23.11.06

Ontem à noite


Ontem à noite decidi tentar algo que já não tentava há muito e que, da última vez (há uns meses atrás), correu excepcionalmente bem: escrever algo com uma grande moca (ou estala, ou pedra; como vos servir a carapuça).
Estava eu em casa, meia-noite e tal, acabadinho de chegar do campus, e, após uma conversa deveras estimulante sobre blogs e escrita com um velho amigo de Portugal, Braga, decidi dar uso ao meu cachimbo de água (a.k.a. Bongo. Novinho em folha, esverdeado, em acrílico, comprado numa loja local de Birmingham). Fiz a “sopa”, fui ao frigorifico buscar um iogurte (sabor: amora) e abri um pacote de bolachas (daquelas com pepitas de chocolate no meio da bolacha) que coloquei na mesa à frente da qual, dentro de minutos, estaria sentado a escrever.

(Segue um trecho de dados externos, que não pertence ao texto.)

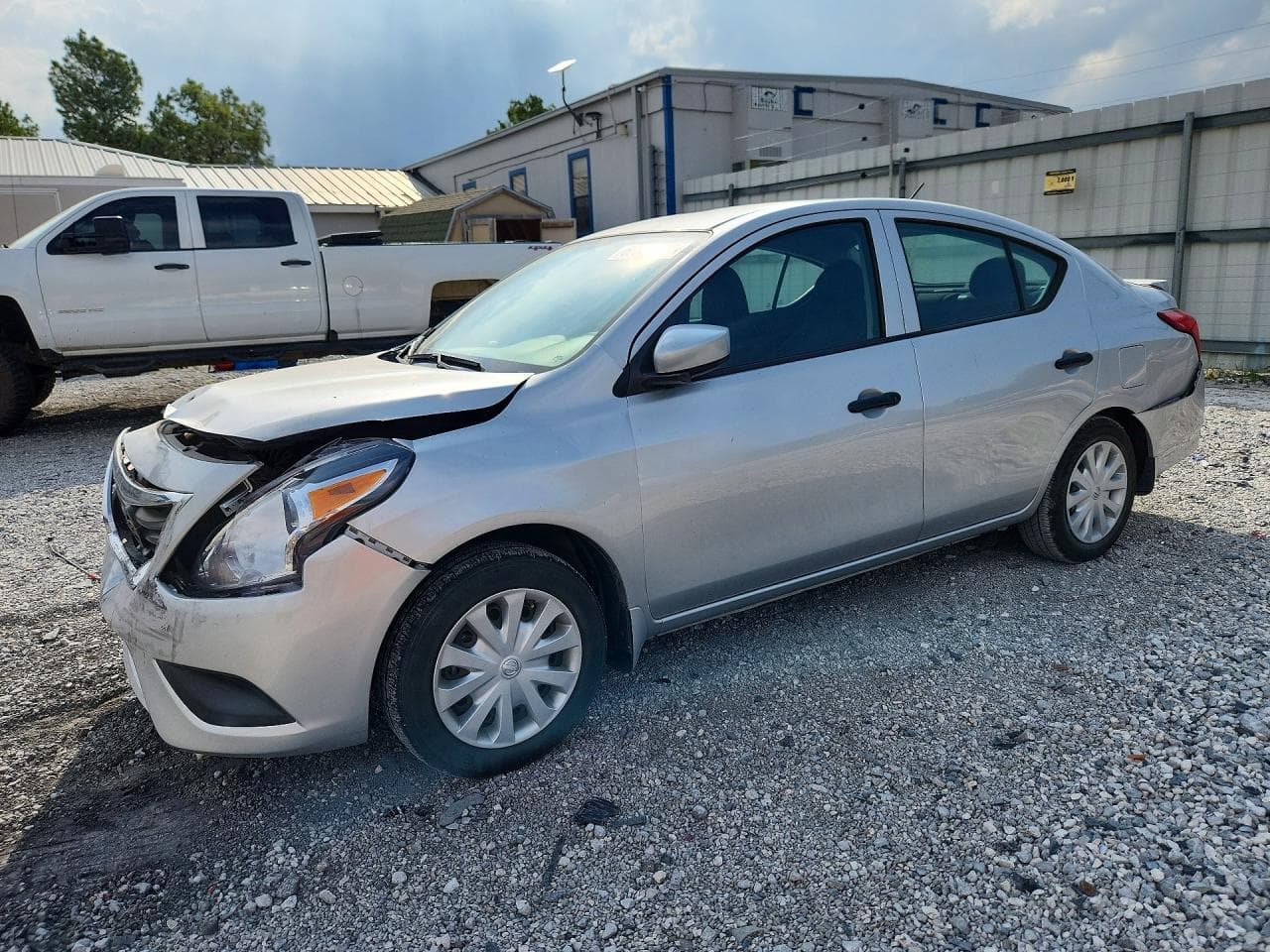 2016 Nissan Versa 1.6 S Plus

Ora bem, abro a janela (não quero o meu quarto cheio de fumo) e constato que não está frio, nem orvalho, mas um grizo do caralho! Enfim, um pequeno sacrificio se quero, de facto, consumir a sopa que tão divinamente enfeita o meu cachimbo. Após a consumação do acto, sento-me imediatamente à mesa, a música a tocar, já alegre, pois sei que a ETA (Estimative Time of Arrival) da moca mesmo a sério será dentro de cerca de 20-30 minutos (que é como quem diz 1200-1800 segundos), altura em que já não estarei em condições de prosseguir com o libertador acto que é escrever.
É agora uma hora e quinze minutos (não sei os segundos). Pego na minha folha habitual para rascunhos, pego na caneta azul, pouso-a, e pego na preta (por motivos que desconheço, prefiro fazer rascunhos a preto). Título da minha primeira tentativa: Escritos de um analfabeto. Basicamente, tentei escrever um texto com um qualquer assunto sério e profundo, mas cheio de erros ortográficos e de pontuação. Não resultou. Não encontro um tema decente e se escrever como deve ser com a tola é dificil, escrever mal de propósito afigurou-se-me ainda mais fastidioso. Rapidamente desisto e passo para outra (embora seja um conceito interessante ao qual talvez volte um dia). Tive outra ideia: um texto sobre as razões que me levam a escrever. Hm... não. Revelou-se repetitivo e, na verdade, não consigo realmente dizer o que me leva a escrever. Risco o texto e passo à frente. Já sei! Vou escrever um poema. Infelizmente, sou totalmente desprovido da capacidade de escrever poesia e caí no erro inocente de pensar que, só porque não estou sóbrio, sou um grande poeta.

Não é verdade.

Abro um livro de um grande poeta português em busca de inspiração, Jorge de Sena, e percebo que não vai ser naquela noite que vou versar sobre alguma coisa.
Bah!, já só tenho cinco bolachas!

É o fim, já não estou em estado de escrever.

Deito-me, fecho os olhos e penso. E naquela altura devia ter-me levantado e escrito o meu poema. Entrei naquele mundo onde raramente entramos. É o mundo que está entre a realidade e os sonhos, entre os pensamentos e as acções, entre as formas e os conceitos. Perdido dentro do meu mundo, escrevo o meu poema, na minha mente, com o coração. De rajada e em um só gesto!... e dedico-to.
Adormeço, a música a tocar, a luz acesa, os versos a dançar em mim.
Hoje acordei. Ressacado, mas acordei. Tentei desesperadamente agarrar aquele momento de iluminação, tão claro ontem, hoje esquecido e perdido, guardado algures... em mim e em ti.